Capcom once filed suit in an attempt to get Fighter’s History pulled from arcades. And today, you can play it on Switch! So, clearly, the lawsuit didn’t work out.

The explosion of the fighting game genre after the release of Street Fighter II in 1991 raised some legal questions. The avalanche of one-on-one martial arts games was due to the popularity of Capcom’s game. Also, most of these games took design cues from Street Fighter.

For example, in most of them, if you picked the main character and did a quarter-circle followed by a punch button, you were pretty much guaranteed to throw a projectile not dissimilar to a Hadouken.

The legal question was, in a nutshell, how much “inspiration” was too much? Even if a game didn’t copy the artwork, music, or character names directly, did the totality of it constitute a copyright violation? Capcom decided to go to court to find out.

While there were many Street Fighter II imitators in arcades, Capcom was particularly irked by Data East’s game Fighter’s History. Like Street Fighter II, it depicted a world-spanning martial arts tournament with fighters using different styles from different regions.
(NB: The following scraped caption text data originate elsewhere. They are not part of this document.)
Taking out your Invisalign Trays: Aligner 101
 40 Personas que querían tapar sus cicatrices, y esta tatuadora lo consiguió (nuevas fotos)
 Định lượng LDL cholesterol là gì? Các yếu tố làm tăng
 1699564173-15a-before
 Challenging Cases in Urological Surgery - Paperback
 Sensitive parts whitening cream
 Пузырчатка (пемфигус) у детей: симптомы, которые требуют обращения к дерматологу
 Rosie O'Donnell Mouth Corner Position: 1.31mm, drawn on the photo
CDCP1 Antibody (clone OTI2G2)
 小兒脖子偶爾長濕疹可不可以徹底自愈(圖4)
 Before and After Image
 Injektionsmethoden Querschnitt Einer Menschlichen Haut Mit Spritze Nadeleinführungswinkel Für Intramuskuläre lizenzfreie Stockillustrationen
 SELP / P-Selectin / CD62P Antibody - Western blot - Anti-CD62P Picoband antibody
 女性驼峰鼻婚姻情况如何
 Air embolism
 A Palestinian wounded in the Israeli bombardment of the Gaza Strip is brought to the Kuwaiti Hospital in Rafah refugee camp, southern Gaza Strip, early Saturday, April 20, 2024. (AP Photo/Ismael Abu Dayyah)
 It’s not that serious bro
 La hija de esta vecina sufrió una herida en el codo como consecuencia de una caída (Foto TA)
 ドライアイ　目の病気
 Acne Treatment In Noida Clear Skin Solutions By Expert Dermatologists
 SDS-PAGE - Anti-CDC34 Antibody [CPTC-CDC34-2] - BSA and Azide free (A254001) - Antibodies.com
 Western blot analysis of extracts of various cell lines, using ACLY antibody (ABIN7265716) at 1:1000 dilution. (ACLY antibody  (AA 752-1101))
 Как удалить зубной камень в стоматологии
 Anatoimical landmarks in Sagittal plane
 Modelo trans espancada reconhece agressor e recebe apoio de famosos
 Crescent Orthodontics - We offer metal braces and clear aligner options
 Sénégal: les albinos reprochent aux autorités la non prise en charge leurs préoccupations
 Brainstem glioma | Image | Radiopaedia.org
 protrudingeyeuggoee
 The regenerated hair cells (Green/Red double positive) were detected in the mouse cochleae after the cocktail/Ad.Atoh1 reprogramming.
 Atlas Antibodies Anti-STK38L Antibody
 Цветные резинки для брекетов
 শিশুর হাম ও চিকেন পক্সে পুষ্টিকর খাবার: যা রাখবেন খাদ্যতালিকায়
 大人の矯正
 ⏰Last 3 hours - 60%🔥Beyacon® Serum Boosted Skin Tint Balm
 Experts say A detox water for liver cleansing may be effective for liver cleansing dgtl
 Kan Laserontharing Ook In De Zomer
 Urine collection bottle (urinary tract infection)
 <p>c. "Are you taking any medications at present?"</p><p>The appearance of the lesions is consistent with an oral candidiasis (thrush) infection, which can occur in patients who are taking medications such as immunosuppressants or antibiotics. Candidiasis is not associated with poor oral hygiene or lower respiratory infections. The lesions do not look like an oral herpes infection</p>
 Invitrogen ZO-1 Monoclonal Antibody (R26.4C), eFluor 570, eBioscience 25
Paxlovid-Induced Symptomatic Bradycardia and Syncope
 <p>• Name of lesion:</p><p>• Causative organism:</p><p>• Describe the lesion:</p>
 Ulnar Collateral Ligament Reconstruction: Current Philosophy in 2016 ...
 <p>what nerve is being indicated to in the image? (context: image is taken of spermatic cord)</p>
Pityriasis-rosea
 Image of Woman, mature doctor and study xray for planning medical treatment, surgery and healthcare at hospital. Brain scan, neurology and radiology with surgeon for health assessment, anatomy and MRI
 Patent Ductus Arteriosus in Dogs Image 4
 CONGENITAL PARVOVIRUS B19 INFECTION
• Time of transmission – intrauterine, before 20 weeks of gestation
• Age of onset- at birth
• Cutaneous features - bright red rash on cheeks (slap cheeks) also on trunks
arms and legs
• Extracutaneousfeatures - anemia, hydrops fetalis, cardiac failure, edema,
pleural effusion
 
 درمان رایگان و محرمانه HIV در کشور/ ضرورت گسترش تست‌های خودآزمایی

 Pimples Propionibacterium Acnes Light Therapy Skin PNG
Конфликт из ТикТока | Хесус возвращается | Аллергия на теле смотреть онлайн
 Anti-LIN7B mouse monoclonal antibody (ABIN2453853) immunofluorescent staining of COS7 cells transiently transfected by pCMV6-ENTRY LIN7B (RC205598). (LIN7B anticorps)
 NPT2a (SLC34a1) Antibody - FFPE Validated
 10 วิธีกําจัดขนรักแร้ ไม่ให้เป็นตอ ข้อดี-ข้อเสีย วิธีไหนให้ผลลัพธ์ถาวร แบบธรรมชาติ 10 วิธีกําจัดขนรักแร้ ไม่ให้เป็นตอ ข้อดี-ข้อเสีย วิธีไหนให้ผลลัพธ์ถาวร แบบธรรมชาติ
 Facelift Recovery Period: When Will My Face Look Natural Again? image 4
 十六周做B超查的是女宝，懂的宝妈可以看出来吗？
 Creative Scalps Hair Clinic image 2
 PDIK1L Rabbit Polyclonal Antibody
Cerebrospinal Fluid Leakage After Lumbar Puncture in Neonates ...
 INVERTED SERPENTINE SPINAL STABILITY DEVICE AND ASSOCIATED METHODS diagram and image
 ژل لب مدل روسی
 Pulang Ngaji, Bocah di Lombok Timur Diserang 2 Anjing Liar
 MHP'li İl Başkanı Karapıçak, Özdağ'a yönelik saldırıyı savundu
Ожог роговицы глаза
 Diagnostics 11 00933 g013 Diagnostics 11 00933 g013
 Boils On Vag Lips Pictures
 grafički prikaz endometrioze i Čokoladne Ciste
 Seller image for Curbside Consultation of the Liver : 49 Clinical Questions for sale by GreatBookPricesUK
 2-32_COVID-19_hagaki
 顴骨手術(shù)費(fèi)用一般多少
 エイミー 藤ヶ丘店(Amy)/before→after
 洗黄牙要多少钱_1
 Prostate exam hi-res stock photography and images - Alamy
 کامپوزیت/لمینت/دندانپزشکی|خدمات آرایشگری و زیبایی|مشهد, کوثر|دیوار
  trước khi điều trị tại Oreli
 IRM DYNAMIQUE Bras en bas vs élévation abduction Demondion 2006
But to Capcom, some of the fighters and moves seemed a little too close for comfort—fighters with blond hair and green tank tops doing moves that were executed similarly to Guile’s Sonic Boom and Flash Kick, a Muay Thai fighter that looked similar to Sagat and threw fireballs, a young woman in traditional Chinese dress, etc.

Fighter’s History was pretty similar, and during that time a lot of people would come up to people at Capcom, come up to [president Kenzo] Tsujimoto, and say, ‘Are you sure you’re going to let this go? You can’t really let this go. This is really bad,’” Street Fighter II designer Akira Nishitani told Polygon in 2014.

In 1994, Capcom and Data East went to court. Capcom showed that Data East’s design document for Fighter’s History made numerous references to Street Fighter II. Data East argued that Capcom itself had based its characters on real-life fighting styles and real-life costumes, which were elements that any martial arts fighting game would necessarily have to use, and that control inputs like “quarter circle” were not protectable by copyright.

Gaming journalist Bill Kunkel was called in as an expert witness, arguing on behalf of Data East. Kunkel had already testified in a similar trial years ago, arguing that Magnavox’s dot-eating maze game K.C. Munchkin was not violating the copyright of Pac-Man.

Magnavox won in district court but ultimately lost on appeal, and Munchkin had to be pulled from shelves.

Fortunately, Data East prevailed in court this time around. I say “fortunately” because I believe that had Capcom prevailed here, it would have had a chilling effect on video game creation. Imitation and iteration are how game genres develop. Would the first-person shooter genre have developed like it did if Id Software was able to sue everyone else who created one?

The court ruled that anything that Data East did take from Street Fighter wasn’t copyrightable expression, and Fighter’s History was free to be sold—to arcades in 1994, and to Nintendo Switch owners in 2019, too.